Bullyproofing Your Child
Bullying is not a normal rite of passage. It can have serious consequences. You can help your chld learn how to prevent bullying. These tips can help:
- Help your child understand bullying. Explain what bullying is. It is more than physcial, it can be done in person or over the phone or computer.
- Keep open lines of communication with your child. Check in with your child and listen to any concerns about friends and other students.
- Encourage your child to pursue their interests. Doing what they love may help your child be more confident among their peers and make friends with other kids with similar interests.
- Teach your child to take a stand against bullying. Give guidance about how to stand up to those who bully if it is safe to do so.
- Talk to your child about seeking help from a trusted adult when feeling threatened by a bully. Talk about whom they should go to for help and role-play what they should say. Assure your child that they should not be afraid to tell an adult when someone they know is being bullied.
- Know what is going on in your child's school. Visit the school website, join their parent groups and get on their electronic mailing list. Get to know other parents, school counselor, principal and staff.
What To Do When Bullying Occurs
Children often do not tell their parents that they are being bullied because they are embarrassed or frightened. If you suspect your child is being bullied or your child brings it up, consider these steps.
- Talk with your child. Focus on your child. Express your concern and make it clear you want to help.
- Empathize with your chlid. Say bullying is wrong, that it is not their fault, and that you are glad they had the courage to tell you about it.
- Work together to find solutions. Ask your child what they think will help. Reassure them that the situation can be handled privately.
- Document ongoing bullying. Work with your child to keep a record of all bullying incidents. It is involves cyberbullying, keep a record of all messages or postings.
- Help your child develop strategies and skills for handling bullying. Provide suggestions for ways to respond to bullying, and help your child gas confidence by rehearsing their responses.
- Be persistent. Bullying may not be resolved overnight.
- Stay vigilant to other possible problems that your child may be having. Some of the warning signs may be signs of other serious problems. Share your concerns with the counselor at your child's school.
Working With Your Child's School
Parents are often reluctant to report bullying to school officials, but bullying may not stop without the school's help. Parents should never be afraid to call the school to report that their child is being bullied and ask for help to stop the bullying.

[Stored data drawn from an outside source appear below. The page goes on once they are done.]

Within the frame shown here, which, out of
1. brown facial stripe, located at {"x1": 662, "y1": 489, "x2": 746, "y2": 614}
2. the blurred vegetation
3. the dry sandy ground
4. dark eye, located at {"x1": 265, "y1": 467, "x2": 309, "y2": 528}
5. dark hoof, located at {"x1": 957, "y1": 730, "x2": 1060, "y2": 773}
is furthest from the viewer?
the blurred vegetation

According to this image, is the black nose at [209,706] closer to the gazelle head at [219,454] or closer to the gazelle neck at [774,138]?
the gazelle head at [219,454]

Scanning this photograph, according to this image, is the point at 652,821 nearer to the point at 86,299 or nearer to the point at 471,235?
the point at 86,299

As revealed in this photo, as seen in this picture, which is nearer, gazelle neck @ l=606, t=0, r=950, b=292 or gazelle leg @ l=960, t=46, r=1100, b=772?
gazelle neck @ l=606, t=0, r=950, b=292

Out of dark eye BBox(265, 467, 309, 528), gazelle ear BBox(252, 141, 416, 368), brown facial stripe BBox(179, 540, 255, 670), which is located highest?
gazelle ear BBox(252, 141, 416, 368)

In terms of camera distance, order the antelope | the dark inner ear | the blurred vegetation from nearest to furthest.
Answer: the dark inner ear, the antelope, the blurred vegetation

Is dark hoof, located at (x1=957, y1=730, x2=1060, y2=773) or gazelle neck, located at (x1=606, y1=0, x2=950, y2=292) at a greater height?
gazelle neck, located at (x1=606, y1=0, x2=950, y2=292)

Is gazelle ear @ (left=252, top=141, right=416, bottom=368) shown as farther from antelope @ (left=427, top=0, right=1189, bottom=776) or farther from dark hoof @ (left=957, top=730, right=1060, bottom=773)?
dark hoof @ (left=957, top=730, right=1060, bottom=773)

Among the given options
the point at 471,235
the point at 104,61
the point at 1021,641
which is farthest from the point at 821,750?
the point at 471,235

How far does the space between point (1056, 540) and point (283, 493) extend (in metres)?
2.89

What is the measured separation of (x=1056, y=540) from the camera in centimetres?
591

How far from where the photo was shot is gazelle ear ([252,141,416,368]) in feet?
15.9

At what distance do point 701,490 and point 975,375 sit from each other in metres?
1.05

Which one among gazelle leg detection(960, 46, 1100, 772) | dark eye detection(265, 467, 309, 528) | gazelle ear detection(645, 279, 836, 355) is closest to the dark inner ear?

- Know the school policies.
- Open the line of communication. Call or set up and appointment to talk to your child's teacher or counselor and establish a partnership to stop the bullying.
- Get help for your child. Seek advice from your child's schoool counselor. They may be able to help your child cope with the stress of being bullied.
- Commit to making the bullying stop. Talk regularly with your child and with school staff to see if the bullying has stopped.
What Not To Do
- Never tell your child to ignore bullying. What the child may hear is that you are going to ignore it. Be supportive and gather information about the bullying. Often, trying to ignore bullying allows it to become more serious.
- Do not blame your child for being bullied. Do not assume your child did something to provoke the bullying.
- Do not encourage your child to harm the person who is bullying them. It could get your child hurt, suspended or expelled.
- Do not contact the parents of the students who bullied your child. It may make matters worse. School officials should contact the parents of the children involved.
- Do not demad or expect a solution on the spot. Indicate you would like to follow up to determine the best course of action. Also, be aware that the law limits the ability of school personnel from revealing disciplinary actions taken against other students. Just because they cannot tell you if or how another student was disciplined, does not mean action was not taken.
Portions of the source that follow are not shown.